SUPERIOR COURT OF NEW JERSEY
APPELLATE DIVISION
DOCKET NO. A-1491-24
J.R.,1 on behalf of minor child, T.R.,
Petitioner-Appellant,
v.
TOWNSHIP OF LONG HILL
BOARD OF EDUCATION,
MORRIS COUNTY, and
MICHAEL VITURELLO,
Principal,
Respondents-Respondents.
Submitted February 25, 2026 – Decided March 13, 2026
Before Judges Currier and Berdote Byrne.
On appeal from the New Jersey Commissioner of
Education, Docket No. 78-4/22.
Oleske & Oleske, LLP, attorneys for appellant (Kristen
D. Oleske, on the briefs).
1
We use initials to protect the privacy interests of petitioner, the parent of a
student enrolled in a New Jersey public school. See N.J.A.C. 6A:32-7.5(a); New
Jersey Pupil Records Act, N.J.S.A. 18A:36-19; see also R. 1:38-3(a)(1).

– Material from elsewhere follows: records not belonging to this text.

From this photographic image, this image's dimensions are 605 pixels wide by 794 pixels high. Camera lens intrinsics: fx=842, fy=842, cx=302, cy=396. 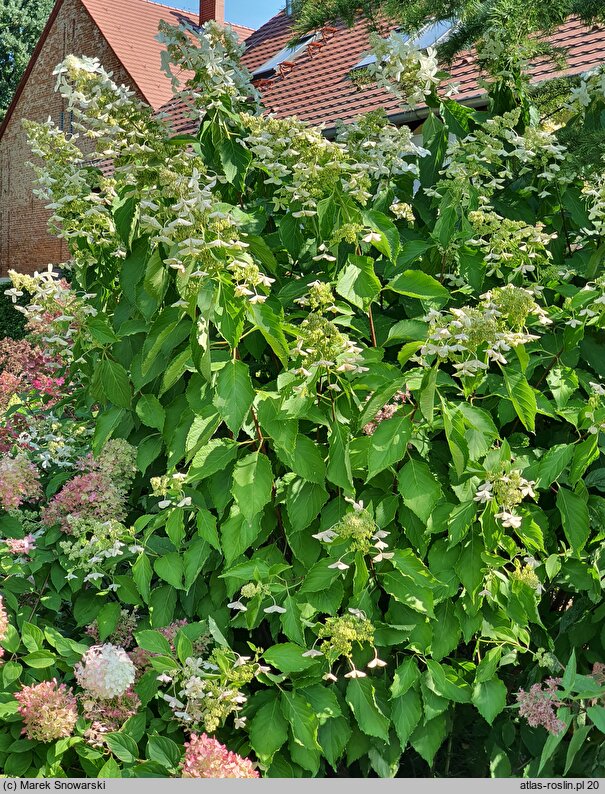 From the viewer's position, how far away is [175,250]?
190 cm

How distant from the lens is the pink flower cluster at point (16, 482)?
229 centimetres

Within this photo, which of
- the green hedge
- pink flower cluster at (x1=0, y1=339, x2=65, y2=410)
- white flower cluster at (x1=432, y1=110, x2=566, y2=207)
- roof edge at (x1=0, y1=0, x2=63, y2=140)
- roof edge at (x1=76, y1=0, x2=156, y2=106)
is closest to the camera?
white flower cluster at (x1=432, y1=110, x2=566, y2=207)

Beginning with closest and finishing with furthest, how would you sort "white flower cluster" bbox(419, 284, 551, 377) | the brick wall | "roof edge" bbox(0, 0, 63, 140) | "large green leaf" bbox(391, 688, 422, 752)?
"white flower cluster" bbox(419, 284, 551, 377)
"large green leaf" bbox(391, 688, 422, 752)
the brick wall
"roof edge" bbox(0, 0, 63, 140)

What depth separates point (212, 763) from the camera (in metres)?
1.68

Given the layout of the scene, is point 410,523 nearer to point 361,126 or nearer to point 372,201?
point 372,201

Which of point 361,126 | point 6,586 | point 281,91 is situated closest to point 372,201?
point 361,126

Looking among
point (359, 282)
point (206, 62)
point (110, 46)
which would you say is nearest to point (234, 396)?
point (359, 282)

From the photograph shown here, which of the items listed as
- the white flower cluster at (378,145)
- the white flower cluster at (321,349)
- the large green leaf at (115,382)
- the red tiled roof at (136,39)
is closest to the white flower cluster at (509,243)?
the white flower cluster at (378,145)

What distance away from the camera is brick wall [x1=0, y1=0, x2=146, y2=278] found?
17.4 m

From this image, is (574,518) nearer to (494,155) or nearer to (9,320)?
(494,155)

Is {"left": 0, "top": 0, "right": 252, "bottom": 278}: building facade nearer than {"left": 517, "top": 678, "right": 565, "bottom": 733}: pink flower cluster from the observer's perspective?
No

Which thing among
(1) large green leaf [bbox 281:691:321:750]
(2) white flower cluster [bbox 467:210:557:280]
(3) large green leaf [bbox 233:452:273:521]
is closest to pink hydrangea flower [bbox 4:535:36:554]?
(3) large green leaf [bbox 233:452:273:521]

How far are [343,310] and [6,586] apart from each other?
1120 mm

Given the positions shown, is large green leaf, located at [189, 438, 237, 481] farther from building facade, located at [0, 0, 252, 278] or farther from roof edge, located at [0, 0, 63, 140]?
roof edge, located at [0, 0, 63, 140]
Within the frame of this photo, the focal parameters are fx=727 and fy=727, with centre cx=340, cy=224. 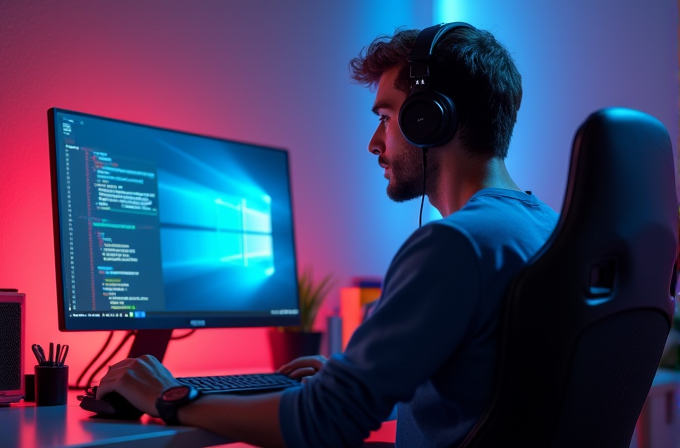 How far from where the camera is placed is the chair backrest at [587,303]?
0.85m

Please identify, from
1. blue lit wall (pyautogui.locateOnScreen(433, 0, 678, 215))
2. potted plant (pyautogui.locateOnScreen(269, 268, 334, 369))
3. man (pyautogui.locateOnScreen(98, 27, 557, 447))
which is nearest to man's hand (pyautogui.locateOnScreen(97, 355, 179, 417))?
man (pyautogui.locateOnScreen(98, 27, 557, 447))

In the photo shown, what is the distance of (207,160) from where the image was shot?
1.69m

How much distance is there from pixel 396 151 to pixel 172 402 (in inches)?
24.9

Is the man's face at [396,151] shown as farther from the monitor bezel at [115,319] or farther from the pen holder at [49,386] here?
the pen holder at [49,386]

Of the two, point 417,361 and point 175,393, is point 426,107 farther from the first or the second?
point 175,393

The Busch Law Group, LLC, attorneys for respondents
Long Hill Board of Education and Michael Viturello
(Douglas M. Silvestro, on the brief).
Jennifer Davenport, Attorney General, attorney for
respondent Commissioner of Education (Luke D.

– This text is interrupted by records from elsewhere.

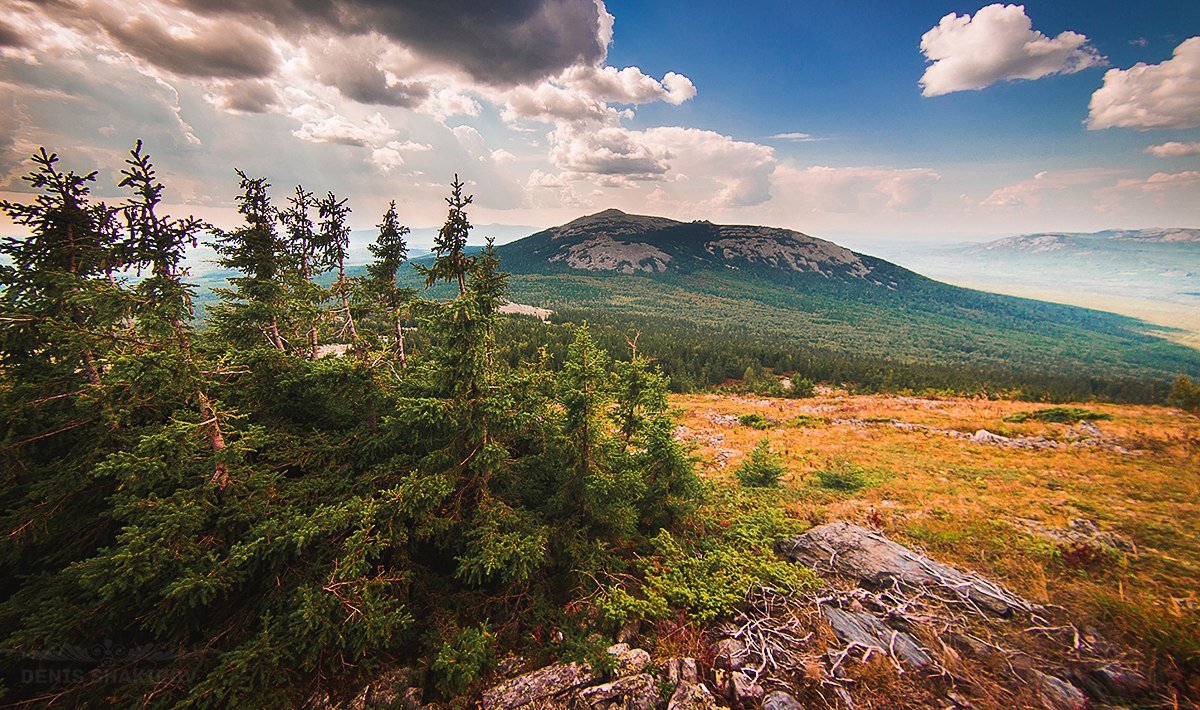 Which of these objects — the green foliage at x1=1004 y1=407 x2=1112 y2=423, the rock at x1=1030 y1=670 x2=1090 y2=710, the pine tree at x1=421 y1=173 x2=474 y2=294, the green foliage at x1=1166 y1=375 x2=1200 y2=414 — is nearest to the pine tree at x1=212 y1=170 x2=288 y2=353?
the pine tree at x1=421 y1=173 x2=474 y2=294

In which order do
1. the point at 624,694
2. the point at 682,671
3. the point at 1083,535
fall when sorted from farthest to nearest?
the point at 1083,535
the point at 682,671
the point at 624,694

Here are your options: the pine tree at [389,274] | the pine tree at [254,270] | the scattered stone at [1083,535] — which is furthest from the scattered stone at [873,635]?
the pine tree at [254,270]

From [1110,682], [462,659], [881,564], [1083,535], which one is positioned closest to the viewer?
[1110,682]

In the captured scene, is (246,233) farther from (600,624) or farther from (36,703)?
(600,624)

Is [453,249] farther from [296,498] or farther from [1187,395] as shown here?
[1187,395]

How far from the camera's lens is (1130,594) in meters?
8.73

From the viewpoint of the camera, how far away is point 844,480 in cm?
1778

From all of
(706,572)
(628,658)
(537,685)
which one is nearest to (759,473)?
(706,572)

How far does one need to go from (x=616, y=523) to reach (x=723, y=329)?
192m

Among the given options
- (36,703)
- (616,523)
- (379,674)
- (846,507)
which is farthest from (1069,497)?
(36,703)

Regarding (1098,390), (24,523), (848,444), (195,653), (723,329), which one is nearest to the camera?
(195,653)

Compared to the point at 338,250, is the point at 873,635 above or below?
below

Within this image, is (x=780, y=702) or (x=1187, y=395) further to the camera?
(x=1187, y=395)

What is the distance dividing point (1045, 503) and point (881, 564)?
895cm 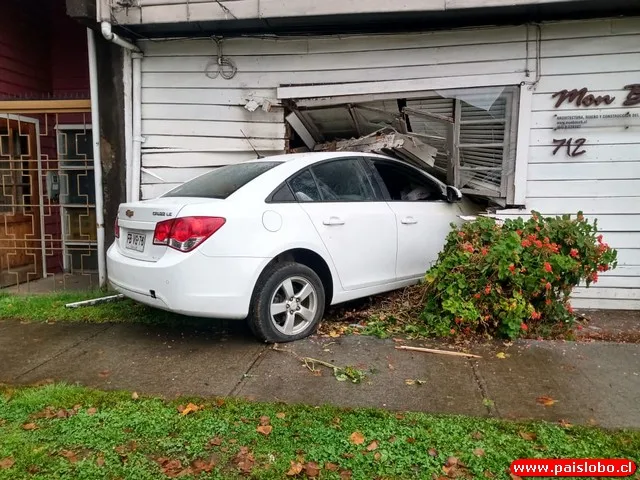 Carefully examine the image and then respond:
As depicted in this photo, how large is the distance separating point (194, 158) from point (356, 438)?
4252 mm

Hertzel-Lagonikos, Deputy Attorney General, on the
statement in lieu of brief).
PER CURIAM
Petitioner J.R., on behalf of her minor child, T.R., appeals from the final
agency decision of the Commissioner of Education (Commissioner), which
upheld the determination of the Township of Long Hill Board of Education (the
Board) finding T.R. committed an act of harassment, intimidation, or bullying
(HIB) based on messages he sent to a Snapchat group containing demeaning
comments about a fellow student. The Commissioner adopted the
Administrative Law Judge's (ALJ) decision, which found the conduct satisfied
the statutory definition of HIB pursuant to N.J.S.A. 18A:37-14.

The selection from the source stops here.